В продолжение поездки приходили известия с театра войны; на одной из станций нашли мы князя Цертелева, дипломатического чиновника, ездившего в Болгарию, чтобы доставить положительные сведения о совершавшихся там турецких зверствах. Присланный из Константинополя навстречу государю и государственному канцлеру, он получил приказание ехать в Крым. Рассказы его дополнили то, что было уже известно из телеграмм и газетных статей.
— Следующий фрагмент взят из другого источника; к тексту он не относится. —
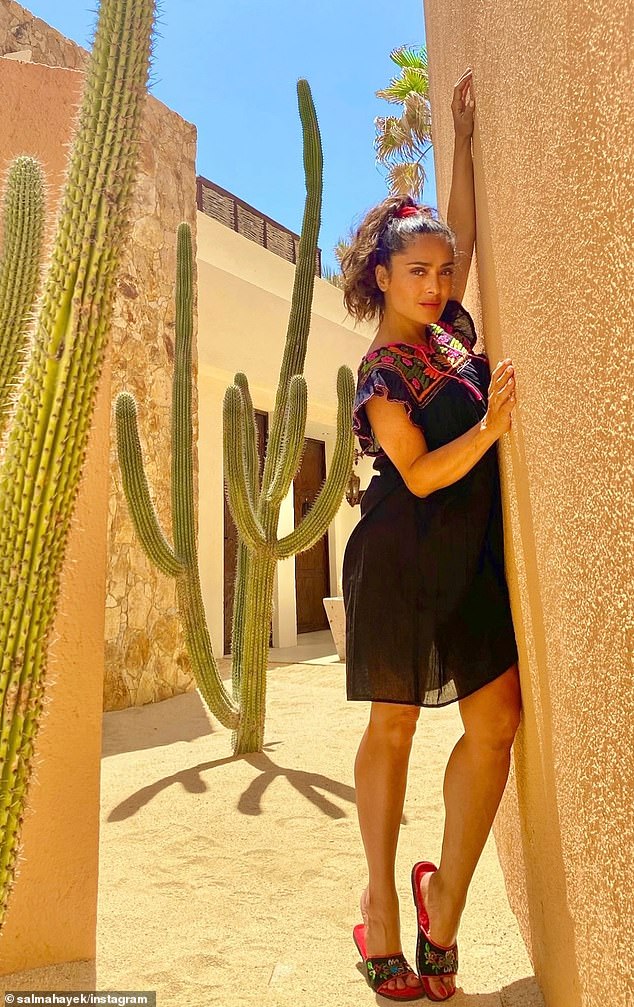 Two images showed the acclaimed actress standing next to a huge cactus plant as she leaned against the wall of an orange-brown building in a black mini dress, while the other two photos captured her laying back in the sun in a white lace dress.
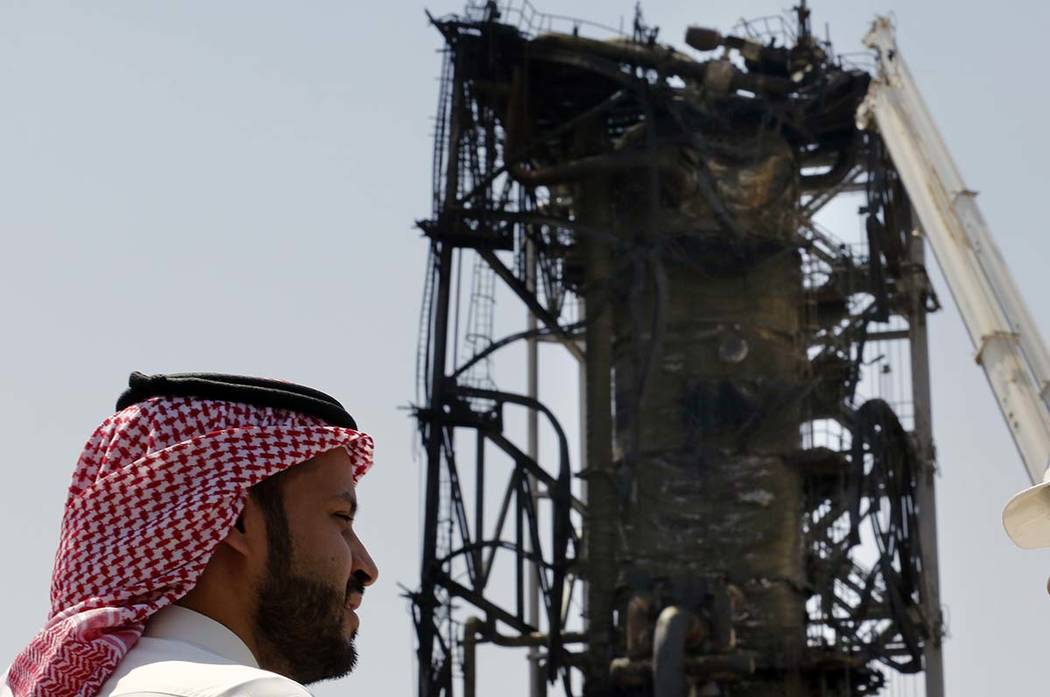 In this photo opportunity during a trip organized by Saudi information ministry, a man watches ...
Вообще, переезд от Варшавы до Ливадии оставил невеселое впечатление. Это впечатление еще усилилось, когда, прибыв в Одессу (27-го числа вечером), мы перешли с железной дороги на яхту «Ливадия». При самом отходе яхты от берега, в виду всей одесской публики, толпившейся на пристани, вдруг приключился у генерала Потапова сильный нервный пароксизм. С трудом увели его в каюту, но всю ночь он кричал страшным голосом, так что никому не дал спать. Утром генерал успокоился, но со всеми признаками умственного расстройства.
По приезде в Ливадию его сначала поместили было в свитском флигеле, но потом нашли необходимым перевезти в Ялту, чтобы при первой возможности отвезти в Петербург.
По приезде в Ялту (28-го числа в 2 часа дня) я узнал, что для меня отведено помещение в том же флигеле, из чего заключил, что мне предстоит оставаться в Ливадии, при государе.
Вот четвертый день, что я веду жизнь по установленным здесь порядкам и обычаям. Три раза в день всё общество собирается в столовой (она же и зала): к завтраку (в 12 часов), к обеду (в 7 часов) и на вечернее собрание (в 9½ часов). С первых же дней уже заметна написанная на всех лицах скука. Сам государь мрачен и озабочен; императрица нездорова, не выходит из комнаты и не принимает; между лицами свиты, особенно женского пола, – разлад. Для меня, впрочем, есть некоторое утешение – присутствие дочери. В самый день нашего приезда в Ливадию жена моя приезжала сюда повидаться со мной, так как я не мог отлучиться накануне торжественного дня 30 августа. Только сегодня, в день доклада моего, я отпросился навестить свою семью; сейчас отправляюсь в Симеиз, где надеюсь пробыть до пятницы, то есть до следующего дня доклада.